The lead surveyor squints, looking down. “So it’s suspicious, is what. I spotted them an hour ago, when we were on the other side of the ridge. They were sitting there, drinking beer and hanging out.”

“That’s what rich people who own yachts do.”

The lead surveyor shakes his head, the head shake of an experienced hand who knows trouble when he sees it.

“Those aren’t rich people,” he pronounces, snapping off a judgment. “Rich people don’t look like that. That’s a contract crew. There’s supposed to be security on this property. Falstaff Security’s supposed to have men patrolling this property twenty-four hours a day. Where the hell are they?”

“In town having a brew like everybody else.” The other spits, exasperated. “Who the fuck knows or cares? Come on, let’s finish up and go back. I don’t want to miss the last night of Fiesta, my old lady’s already pissed that I had to work this late.”

“This is the Sparkses’ private dock,” the first man says, stubbornly. “Those people shouldn’t be here.” He pulls a cellular telephone out of his tool belt, dials a number.

“This here’s Ron Ortega, I’m a contract surveyor. Listen up—I’m doing some surveying for you folks,” he says into the phone. “No, not the ranch, the beach property,” he barks impatiently. “It looks to me like somebody’s using the Sparkses’ private dock who shouldn’t be.” He listens for a minute, then frowns. “Because they’re off-loading some suspicious-looking packages, that’s why?” Another moment of impatient listening. “I thought somebody ought to know, that’s all.”

He punches End.

“They’ll call Falstaff—maybe.” It’s like no one’s supposed to work during Fiesta, he thinks sourly.

“You’ve done your good deed for the day,” the second man says, hoisting the transit. “If we’re going to finish, let’s do it, otherwise I’m out of here.

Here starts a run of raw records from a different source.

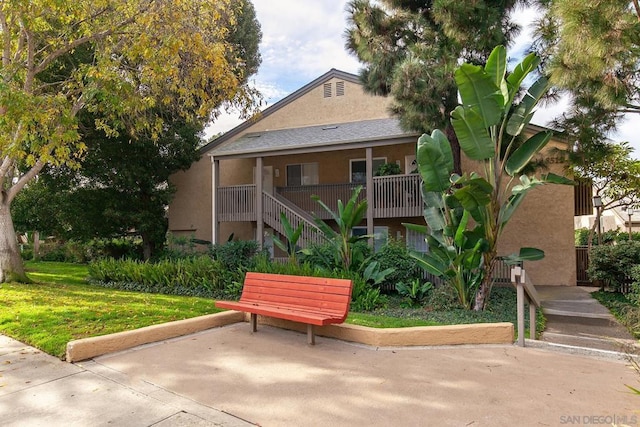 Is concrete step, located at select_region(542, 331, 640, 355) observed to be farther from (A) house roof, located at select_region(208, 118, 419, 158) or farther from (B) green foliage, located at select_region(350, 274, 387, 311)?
(A) house roof, located at select_region(208, 118, 419, 158)

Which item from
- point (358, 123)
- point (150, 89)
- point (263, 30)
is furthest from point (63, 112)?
point (263, 30)

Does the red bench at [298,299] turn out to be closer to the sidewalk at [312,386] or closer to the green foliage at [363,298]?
the sidewalk at [312,386]

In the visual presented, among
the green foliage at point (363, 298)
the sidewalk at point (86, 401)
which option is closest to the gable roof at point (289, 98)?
the green foliage at point (363, 298)

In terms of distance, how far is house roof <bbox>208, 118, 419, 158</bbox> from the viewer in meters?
13.3

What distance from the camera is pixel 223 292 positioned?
11.4 m

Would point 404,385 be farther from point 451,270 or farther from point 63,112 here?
point 63,112

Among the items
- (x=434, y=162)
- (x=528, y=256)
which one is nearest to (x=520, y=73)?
(x=434, y=162)

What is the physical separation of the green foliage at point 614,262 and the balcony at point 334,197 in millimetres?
4926

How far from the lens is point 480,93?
7320mm

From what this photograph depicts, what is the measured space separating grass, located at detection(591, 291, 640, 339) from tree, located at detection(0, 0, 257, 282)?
9865 millimetres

There’s a cold margarita with my name on it sitting on the bar at the Tee-Off.”

He starts marching across the top of the ridge. Ron Ortega glances down at the dock once more, then with a final spit into the dry dust follows him across the crest of the hill.

Cecil Shugrue stands on the deck at the edge of the dark swimming pool, looking down at the city lights far below them.

“This is very beautiful,” he remarks. “Peaceful.”

Kate nods, coming up behind him with an opened beer in each hand from the stash she keeps in an Igloo behind the old pump house.

“How’d you ever find this old place?” he marvels. He’s the first person, man or woman, she’s ever brought to her secret place.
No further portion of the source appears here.